The proposed Consent Decree seeks to resolve these allegations through payment of a civil penalty, implementation of a Supplemental Environmental Project, and an extensive list of remedial measures to be conducted by the City over the course of the next 15 years. As proposed, the term of the decree would run until at least June 1, 2031, provided that the City has at that time completed all remedial measures, completed the Supplemental Environmental Project, and maintained continuous satisfactory compliance with the terms of the Consent Decree, the WWTF Permit, and the Small MS4 General Permit for a period of one year.

The remedial measures incorporated into the proposed Consent Decree include the development of a number of plans and programs addressing compliance with the Small MS4 General Permit and the City’s WWTF Permit, timelines for implementing the approved plans and programs, upgrading of facilities and treatment controls, and reporting to EPA and MassDEP. For example, under the terms of the proposed decree, the City would be required to address the following:

  • Illicit Discharge Prohibition and Removal
    • Submit a revised IDDE plan for the monitoring of MS4 outfalls and the investigation of sub-catchment areas.
    • Adopt an ordinance or other regulatory mechanism prohibiting non-stormwater discharges into the MS4, and submit to EPA and to MassDEP an IDDE Enforcement Manual to assist with the detection and removal of non-stormwater discharges.
  • Storm Sewer Outfalls and Building/Private Party Backups
    • Comply with a 24-hour reporting requirement to EPA and to MassDEP for any storm sewer outfall and building/private party backup that occurs.
    • Submit to EPA and to MassDEP an updated assessment of the capacity, operation, and maintenance of its collection system, and based on the deficiencies identified in the self-assessment, submit to EPA and MassDEP by January 31, 2017 a Capacity, Management, Operation, and Maintenance Corrective Action Plan.
    • Submit an Emergency Response Plan to EPA and MassDEP setting forth procedures for responding to storm sewer outfall and building/private party backup.
  • GIS Mapping
    • Within one year, submit to EPA and MassDEP a GIS map of the MS4 system and other collection systems, including information on infrastructure, water resources and topographic features, operation and maintenance, investigations remediation, and capital projects.
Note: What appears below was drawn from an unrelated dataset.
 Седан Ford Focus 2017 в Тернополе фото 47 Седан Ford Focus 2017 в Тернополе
  • Construction Site Stormwater
    • Adopt an ordinance or other regulatory mechanism requiring sediment and erosion control at construction sites, and another requiring the management of stormwater runoff at post-construction development and redevelopment.
    • Develop a Construction Site program.
  • CSO Monitoring
    • Equip CSO outfalls with continuous meters.
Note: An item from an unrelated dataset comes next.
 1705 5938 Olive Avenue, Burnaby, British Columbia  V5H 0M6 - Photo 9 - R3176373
    • Submit notification within 24 hours of any CSO discharge to MassDEP, EPA, the Merrimark River Watershed Council, MA Division of Marine Fisheries, and Boards of Health for downstream communities.
    • Submit an annual CSO activation report to EPA and MassDEP.
  • CSO Planning and Plan Implementation
    • Raise CSO regulator weirs.
    • Submit a Final CSO Long-Term Control Plan.
  • Stipulated Penalties
    • Among others, for each day that a storm sewer outfall backup occurs, pay a stipulated penalty of $6,500, unless the City can show that it stopped the storm sewer outfall backup as soon as reasonably practicable, the City is in full compliance with the Consent Decree, and the City has complied with all reporting requirements for the storm sewer outfall backup.

The compliance requirements highlight EPA’s focus on key areas of concern in MS4 systems, all of which are addressed in the pending 2016 Small MS4 General Permit for Massachusetts: IDDE, management of construction sites, GIS mapping, and adoption of regulatory mechanisms by municipalities. The development and implementation of these compliance measures are certain to require extensive City resources and effort, not to mention substantial coordination with EPA and MassDEP.